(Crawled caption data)
-.-.-
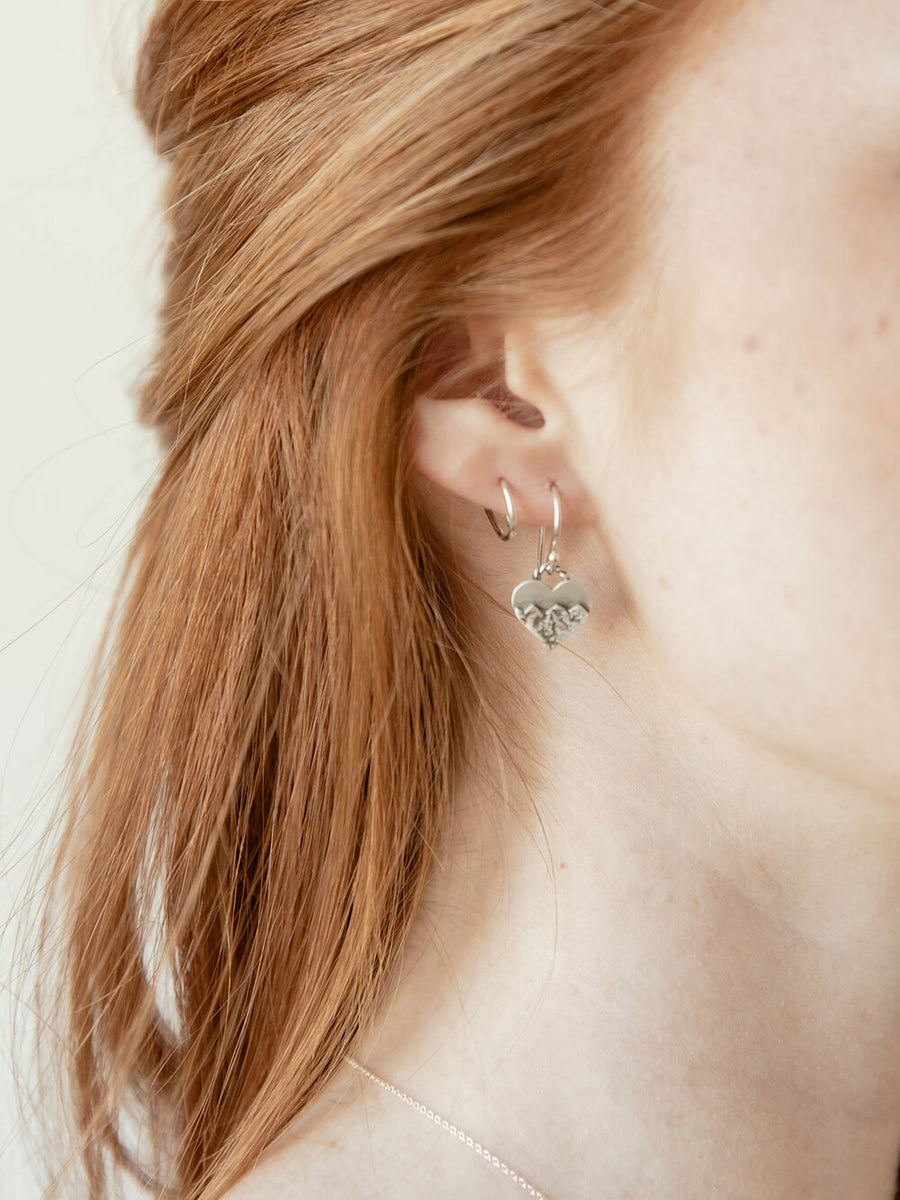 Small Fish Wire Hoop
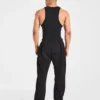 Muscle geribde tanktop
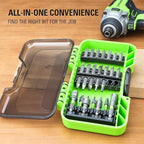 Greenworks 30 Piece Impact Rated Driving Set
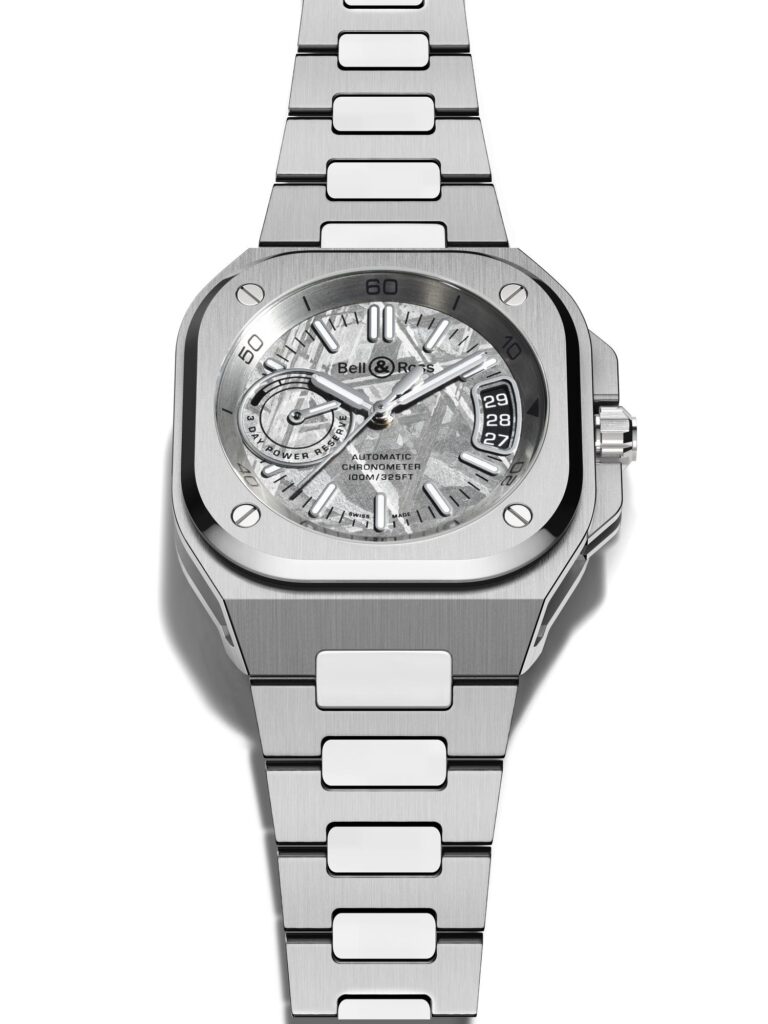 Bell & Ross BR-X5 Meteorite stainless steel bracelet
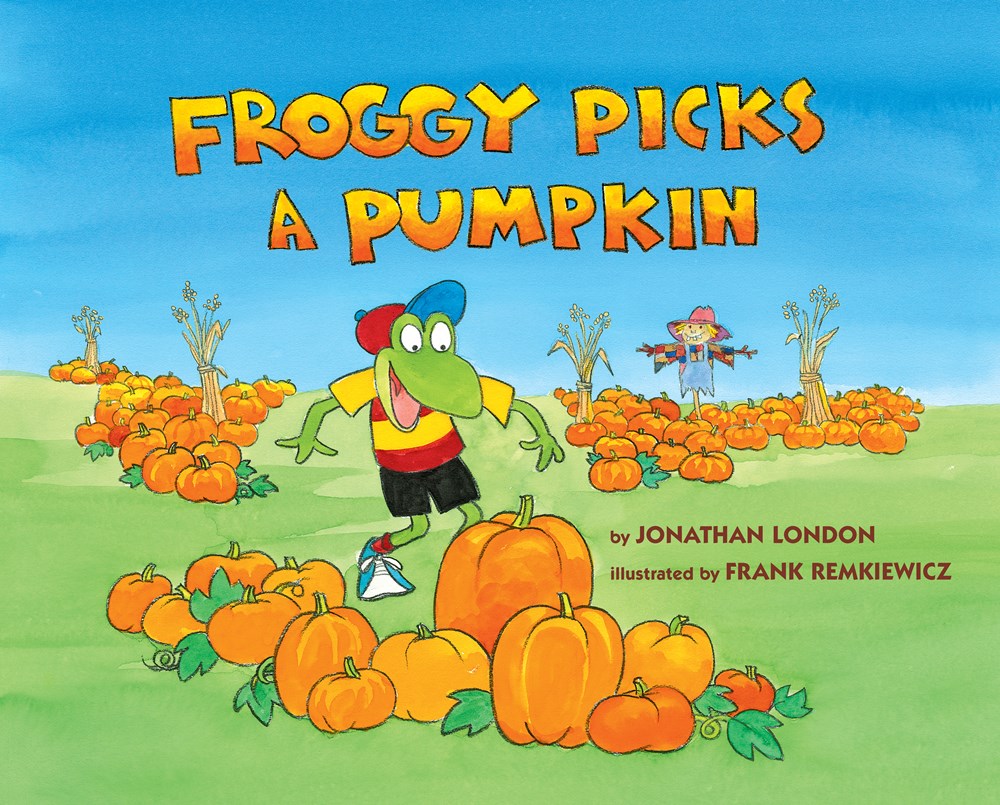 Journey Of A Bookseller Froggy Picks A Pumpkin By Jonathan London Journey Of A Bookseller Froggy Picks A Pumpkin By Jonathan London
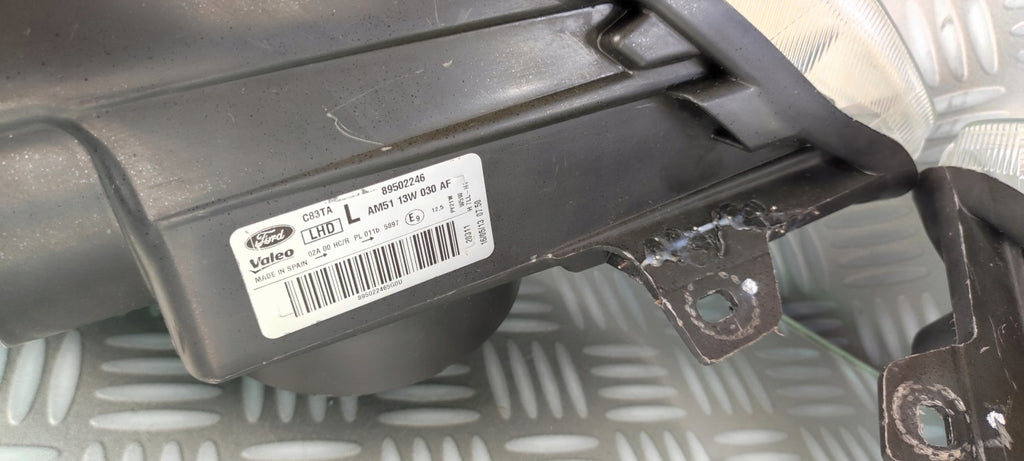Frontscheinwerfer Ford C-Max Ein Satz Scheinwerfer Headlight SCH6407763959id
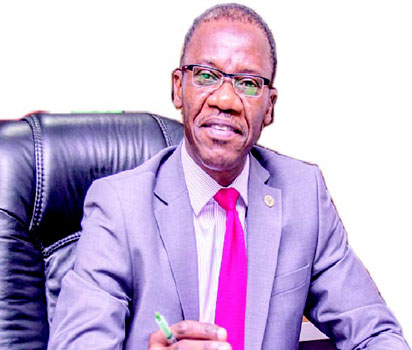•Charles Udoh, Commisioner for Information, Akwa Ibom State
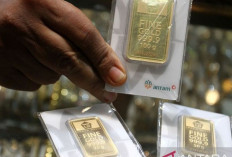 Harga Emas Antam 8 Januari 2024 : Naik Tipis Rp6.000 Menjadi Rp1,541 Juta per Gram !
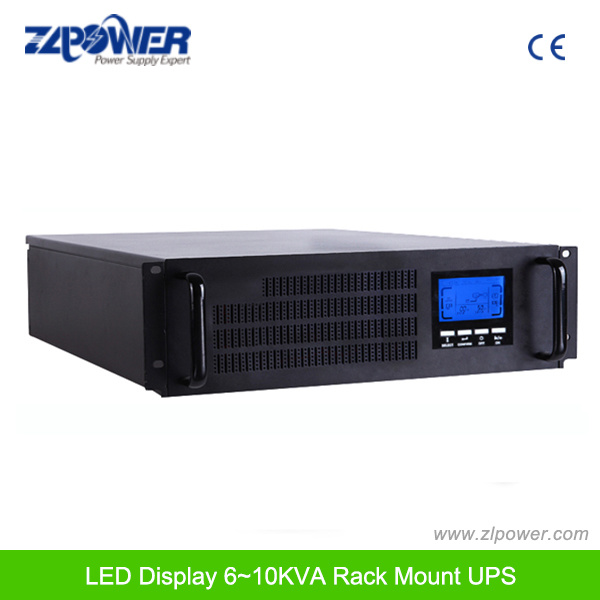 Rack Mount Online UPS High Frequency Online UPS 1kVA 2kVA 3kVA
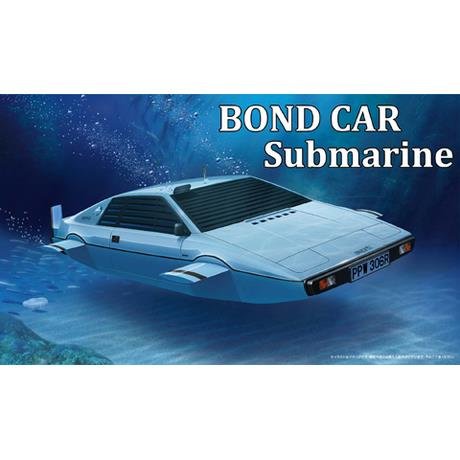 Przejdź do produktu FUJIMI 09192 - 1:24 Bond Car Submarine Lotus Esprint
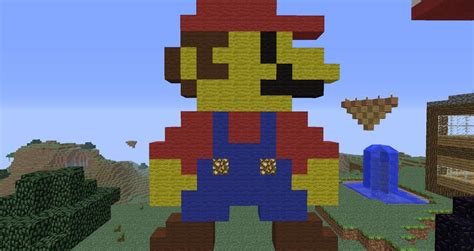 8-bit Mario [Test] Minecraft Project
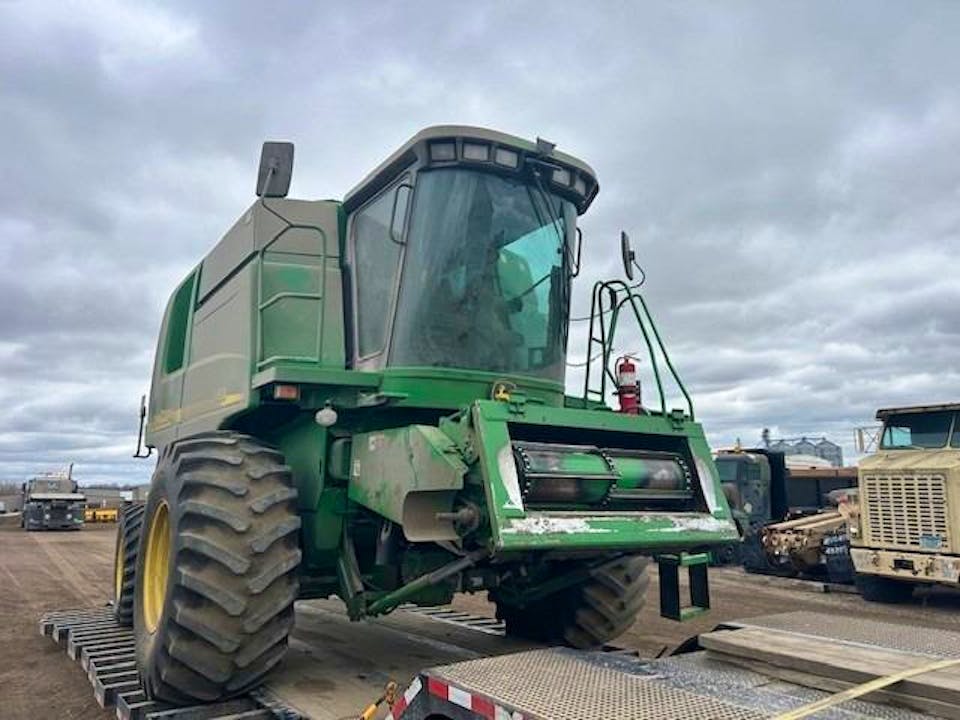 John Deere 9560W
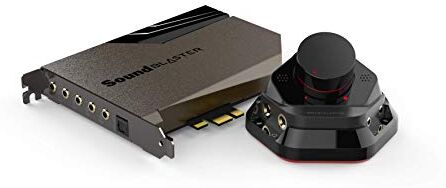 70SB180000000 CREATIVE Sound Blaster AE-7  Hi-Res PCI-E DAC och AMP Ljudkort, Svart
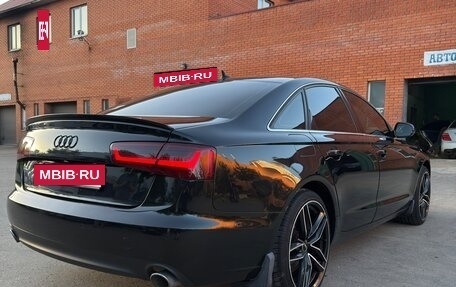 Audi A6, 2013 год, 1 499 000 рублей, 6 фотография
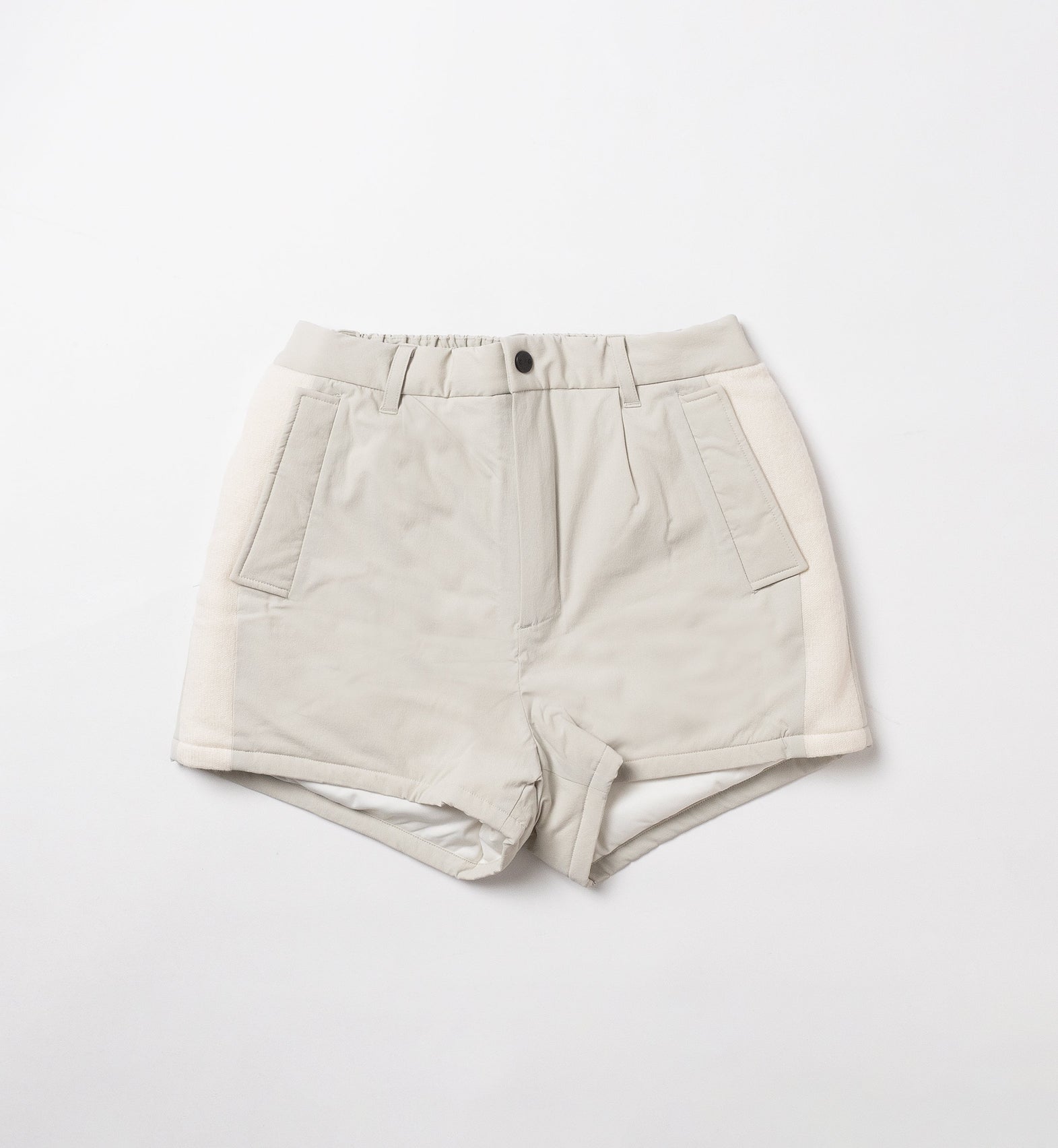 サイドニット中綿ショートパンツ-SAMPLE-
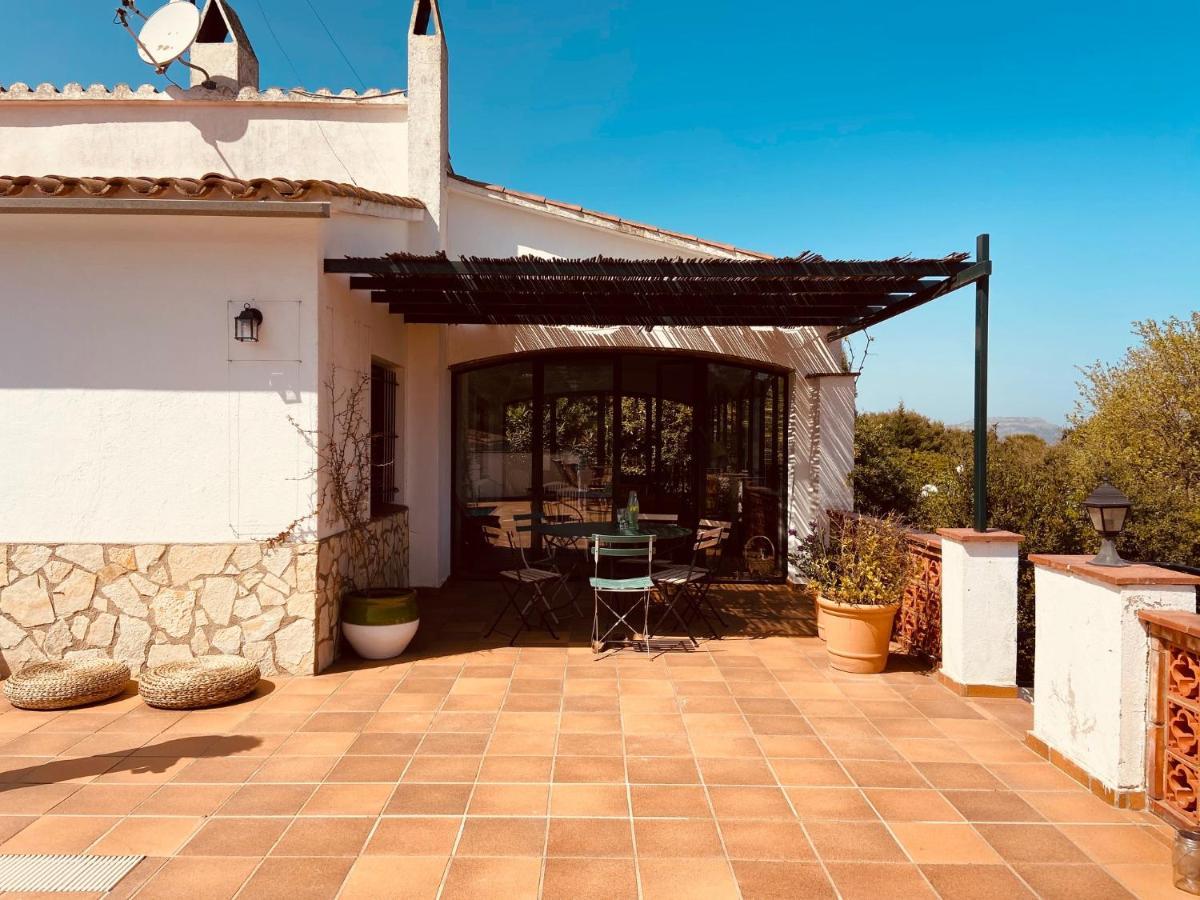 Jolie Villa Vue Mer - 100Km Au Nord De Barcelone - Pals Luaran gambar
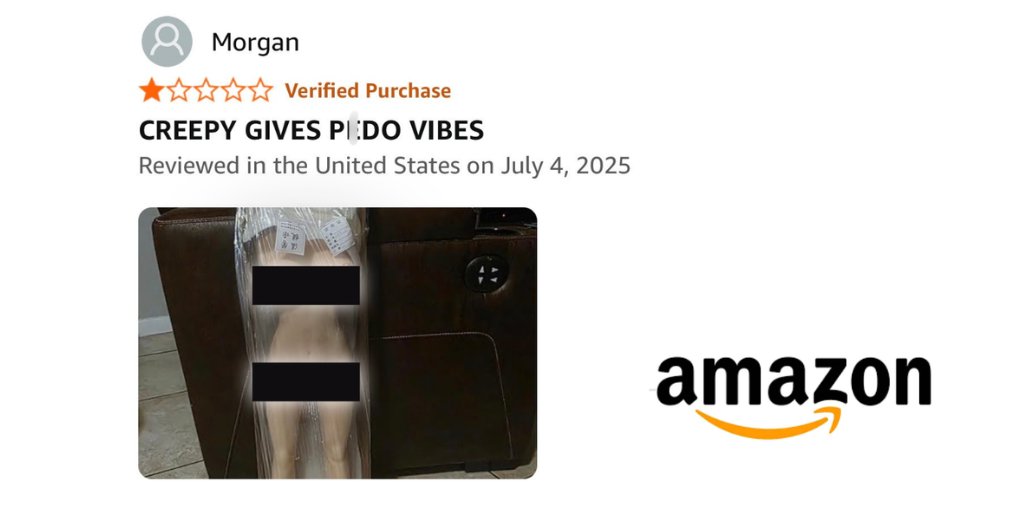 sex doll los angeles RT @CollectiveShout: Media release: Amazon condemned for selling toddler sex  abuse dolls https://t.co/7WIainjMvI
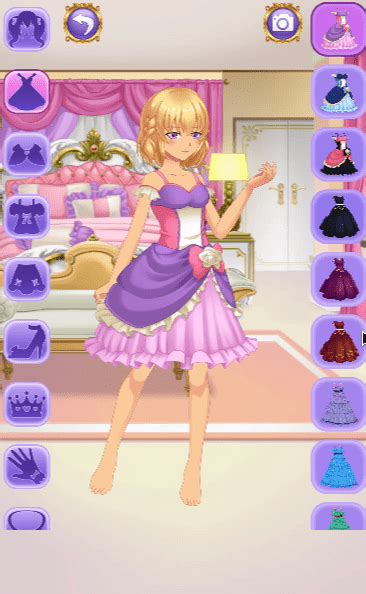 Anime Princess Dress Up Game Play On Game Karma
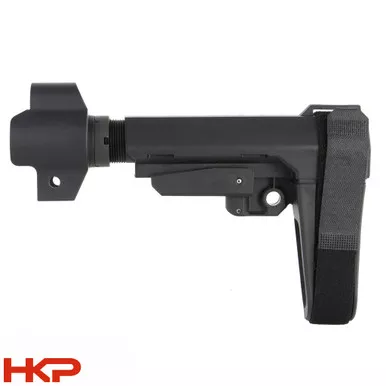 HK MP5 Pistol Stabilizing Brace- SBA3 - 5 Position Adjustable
-.-.-
About this task
The required result is an exact copy of the lines from the line containing "Jolie Villa Vue" through the end of the entries, with every picture left out.

Written answer
 Jolie Villa Vue Mer - 100Km Au Nord De Barcelone - Pals Luaran gambar
 sex doll los angeles RT @CollectiveShout: Media release: Amazon condemned for selling toddler sex  abuse dolls https://t.co/7WIainjMvI
 Anime Princess Dress Up Game Play On Game Karma
 HK MP5 Pistol Stabilizing Brace- SBA3 - 5 Position Adjustable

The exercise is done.